Boris Obergföll ( Henry; born 14 December 1973) is a retired German track and field athlete who competed in the javelin throw. He won a bronze medal in the World Championships twice (1995 and 2003). His personal best throw was 90.44 metres, set in July 1997. This ranks him fifth among German javelin (new implement) throwers, behind Johannes Vetter, Thomas Röhler, Raymond Hecht and Andreas Hofmann.

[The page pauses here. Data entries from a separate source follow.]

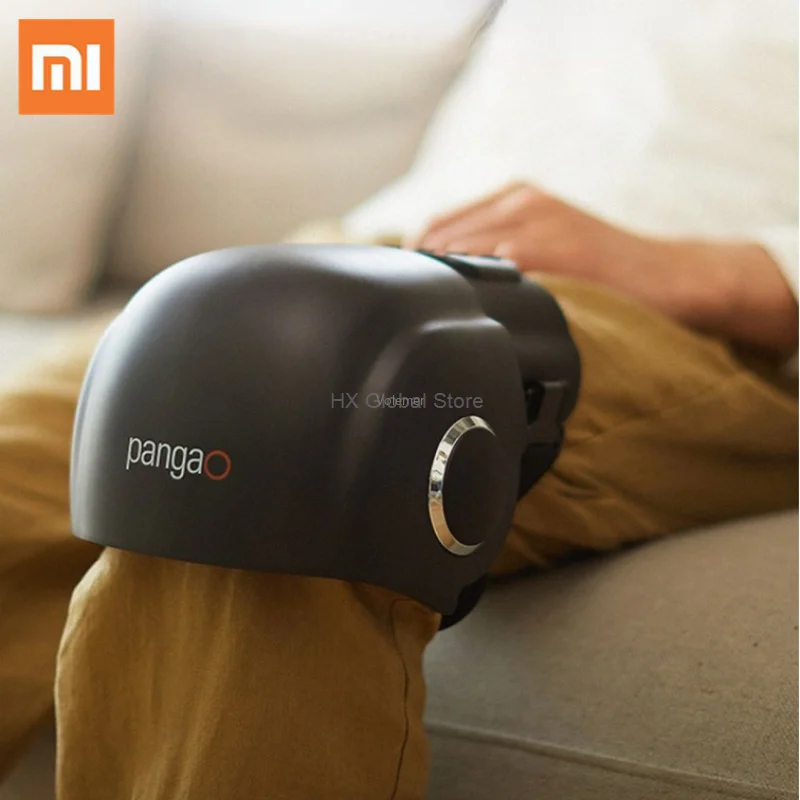 

2022 Xiaomi Youpin Smart Knee Massager Pain Relief Massage Shoulder Massager Infrared Heating Physiotherapy Instrument for Elbow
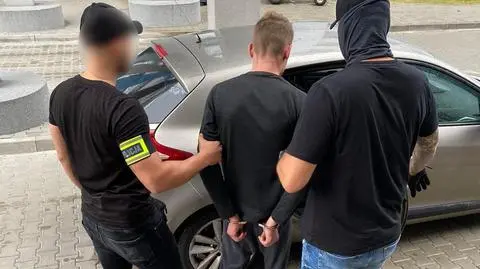 25-latek aresztowany. Śledczy zarzucają mu zgwałcenie młodej kobiety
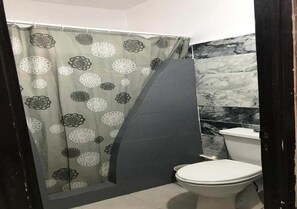 Douche, bidet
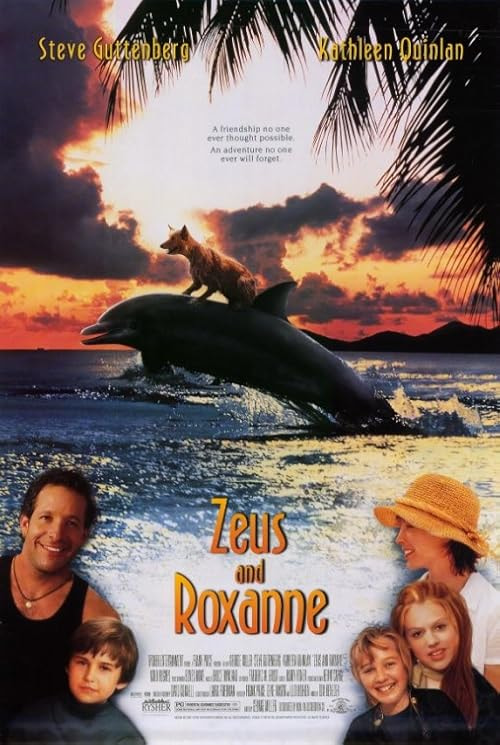 Zeus and Roxanne movie poster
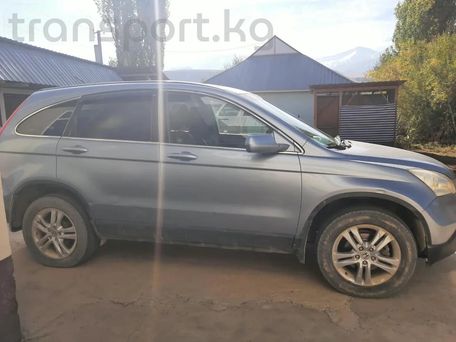 Honda CR-V, 2010 — 照片 4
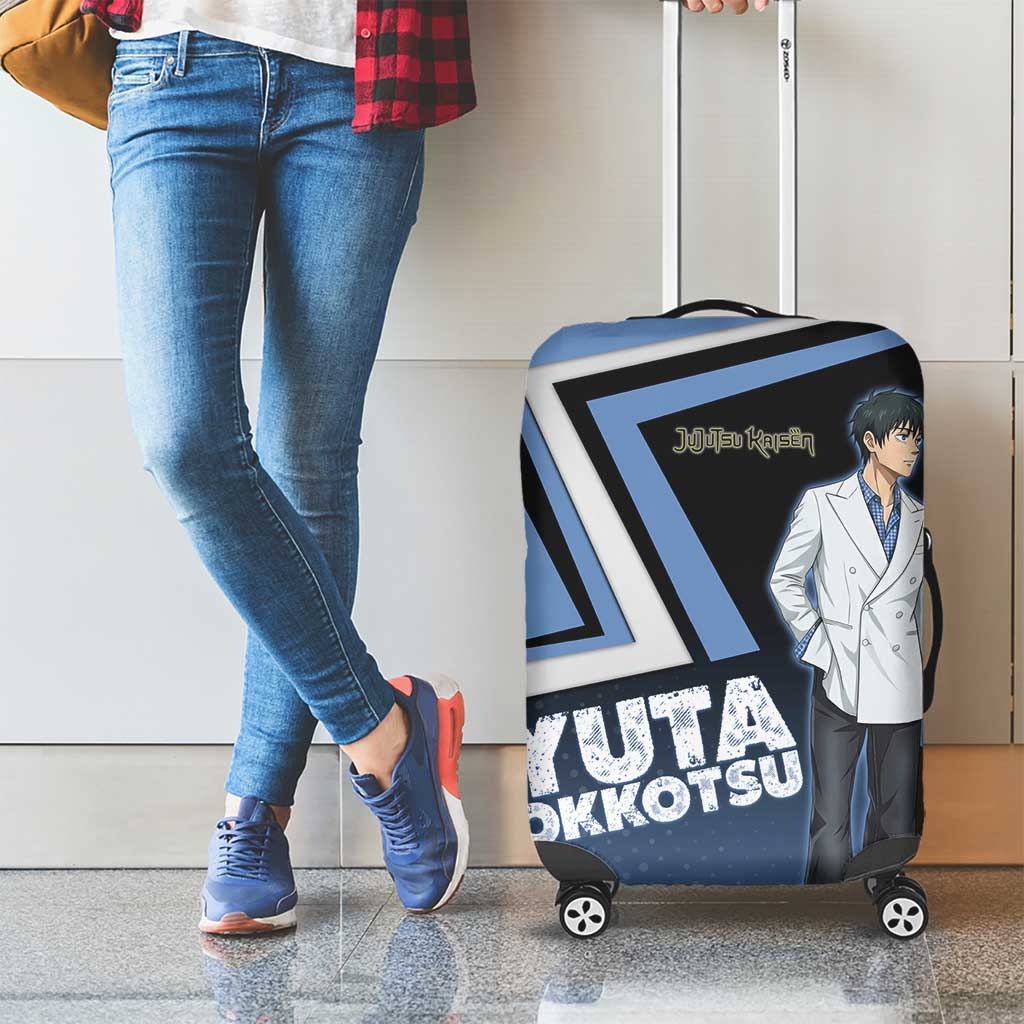 Yuta Okkotsu Luggage Cover Jujutsu Kaisen Street Style Art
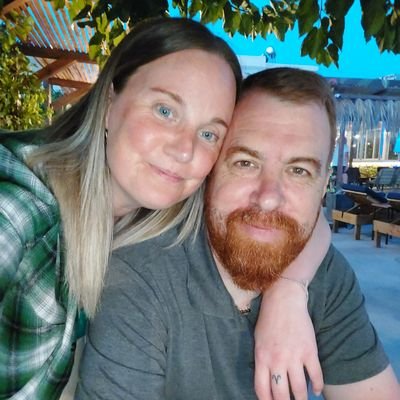 There's only 1 of me !!! 😛 and also the wife of a very special guy @viciouswolf7
BLACKLIVESMATTER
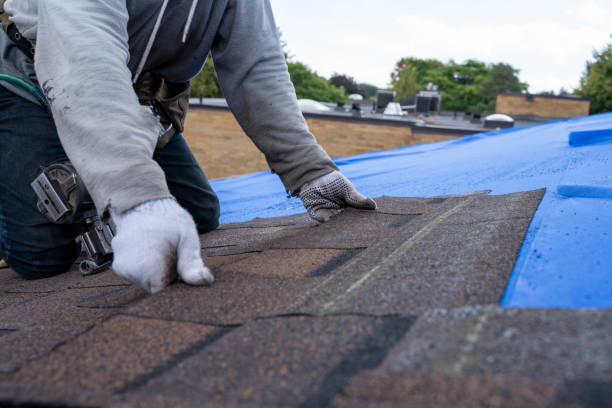 Residential Roof Replacement in Milaca, MN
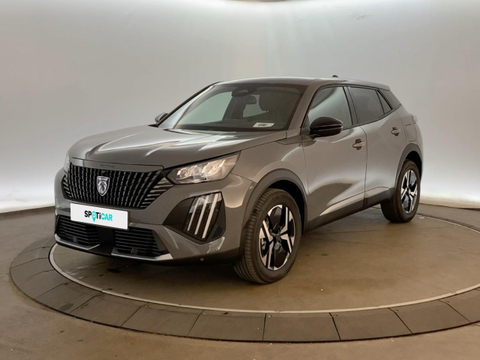 Peugeot 2008 hybrid 145 ch e-dcs6 allure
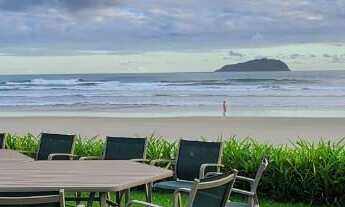 Imagem 2: Casa de Luxo na Praia da Baleia: 8 quartos, 8 suítes, 4 salas, 6 vagas de garagem e vista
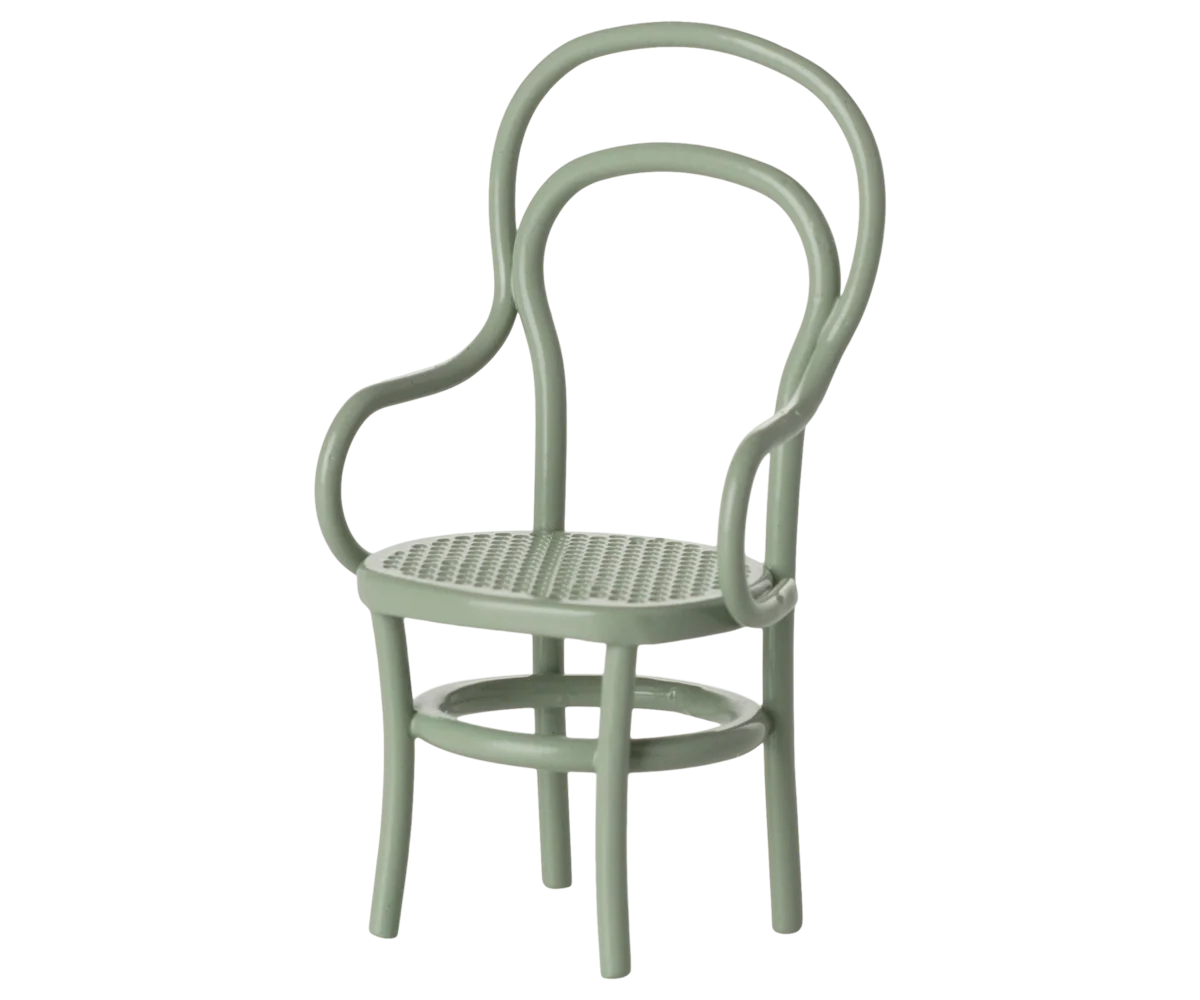 Mouse Vintage Chair - Mint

He also competed in the javelin throw at the 1996 Summer Olympics (fifth place) and the 2000 Summer Olympics (seventh place). He was entered into the 2004 Summer Olympics but did not start the competition and retired thereafter.

He represented SV Saar 05 Saarbrücken and was trained by Klaus Bartonietz. He is  tall and weighed  while he was competing. He is married to Christina Obergföll, whose surname he adopted upon marriage.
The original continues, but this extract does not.